State Land Commissioner M. Jean Hassell, a defendant in the suit, doesn't deny such practices exist.
Hassell says because state lands are interspersed with private and federal lands, many ranchers must lease from the state, private owners and the federal government to obtain a workable ranching operation. Thus, he says, it makes economic sense to give preference to the lessee when a contract is up. "You need large acreages to have an operable unit," he says.
"Open bidding is appropriate where it fits," Hassell says. "It's inappropriate here." In some states, 90 cattle can sit on one square mile, he notes. "The problem is (Arizona) has the lowest productive land in the country. One square mile might (feed) seven cattle."
The department offers land at a lower fee than private owners--currently $1.53 per animal unit month (a.u.m.). In Arizona, an animal unit month is the amount of forage required to feed an adult cow or bull, five sheep, one horse or five goats for one month. The average private lease rates in this region are about $5.50 per animal unit.
Hassell says if the Center's suit succeeds, many ranches will go belly up.
But Hogan says grazing fees have increased only by some five cents per a.u.m. over the last five years. With 1,426 livestock grazing leases out on more than eight million acres of school land, profits going to the school trust are about 25 cents an acre, he says.
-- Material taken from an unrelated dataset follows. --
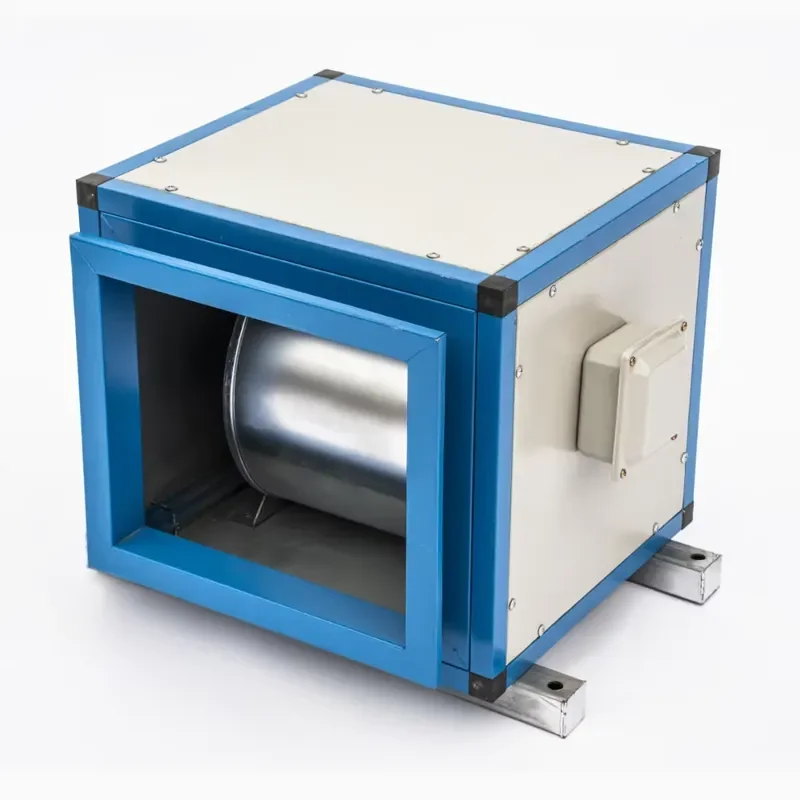 

Silent Duct Centrifugal Fan Box Ultra-low Noise Compact Structure OEM Customizable Galvanized Steel AC Motor 380V Exhaust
Since lessees often rent from the state and then sublease, making a profit on the land, Hogan argues, the land department can obviously collect higher fees. "Lessees are taking advantage of the system. If there's going to be a profit, it should be going to the public schools."
Hassell couldn't quote an exact number for subleases in the state, but said it was probably less than 10 percent of the total leases.
Hassell says public bidding won't be needed for school trust lands because the Grazing Land Evaluation Commission, appointed by Gov. J. Fife Symington III, will soon be reassessing rates. Hassell says he's hoping the Commission will place equitable values on the land.
But critics charge the Commission is stacked with rancher-types. Hogan says the fees might be boosted, but appraisal is one of two parts in the Enabling Act. Public bidding, which the Center is suing to enforce, is the second part. The appraised value should establish the minimum bid, he says.
Center officials have plenty of experience attacking what they see as inequities in education as well as public lands issues. Last summer they convinced the Arizona Supreme Court to rule the school finance system was in violation of the state Constitution for not funding a uniform public school system--a situation which allowed some wealthy districts to have pools and tennis courts, while indigent districts had none.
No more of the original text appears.